# Overview of the FDA’s New Draft Guidance on Predetermined Change Control Plans
In March 2023, the U.S. Food and Drug Administration (FDA) released a draft guidance document titled **”Predetermined Change Control Plans for Artificial Intelligence/Machine Learning (AI/ML)-Enabled Device Software Functions”**. This guidance represents a significant step forward in the regulatory framework for medical devices that incorporate artificial intelligence (AI) and machine learning (ML) technologies. The document outlines the FDA’s expectations for manufacturers who wish to implement changes to AI/ML-enabled software after the device has been cleared or approved, without requiring additional premarket submissions for each modification.
This article provides an overview of the key elements of the FDA’s draft guidance on Predetermined Change Control Plans (PCCPs), its implications for the medical device industry, and the potential benefits and challenges associated with this new regulatory approach.
## Background: AI/ML in Medical Devices
AI and ML technologies have the potential to revolutionize healthcare by enabling medical devices to continuously learn from new data and improve their performance over time. These technologies are increasingly being integrated into a wide range of medical devices, from diagnostic tools to therapeutic systems. However, the dynamic nature of AI/ML presents unique regulatory challenges, particularly when it comes to managing post-market changes.
Traditionally, medical device manufacturers are required to submit a new premarket notification (510(k)) or premarket approval (PMA) application to the FDA whenever they make significant changes to a device’s design, performance, or intended use. However, AI/ML-enabled devices are designed to evolve over time, making it impractical to submit a new application for every software update or algorithm modification.
To address this challenge, the FDA has introduced the concept of **Predetermined Change Control Plans (PCCPs)**, which allow manufacturers to outline in advance the types of changes they intend to make to their AI/ML-enabled devices and the methods they will use to ensure the safety and effectiveness of the device after those changes are implemented.

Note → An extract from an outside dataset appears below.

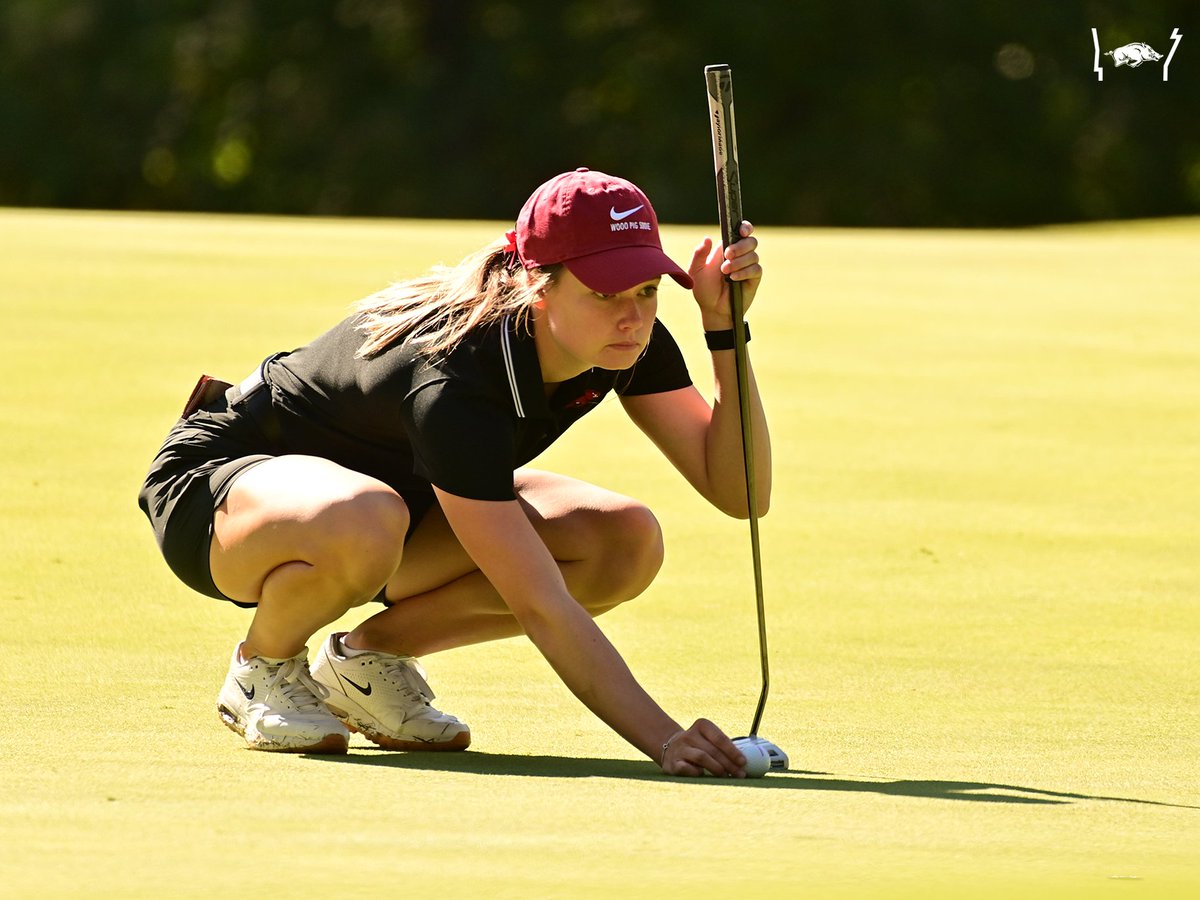 Rollin' 🔥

## Key Elements of the Draft Guidance
The FDA’s draft guidance on PCCPs provides a framework for manufacturers to propose and implement changes to AI/ML-enabled device software functions in a controlled and transparent manner. The guidance outlines several key elements that manufacturers should include in their PCCPs:
### 1. **Description of the Changes**
Manufacturers must provide a detailed description of the types of changes they anticipate making to the AI/ML-enabled device software. These changes may include updates to the algorithm, modifications to the training data, or adjustments to the device’s performance parameters. The description should also specify whether the changes are intended to improve the device’s accuracy, expand its intended use, or address emerging safety concerns.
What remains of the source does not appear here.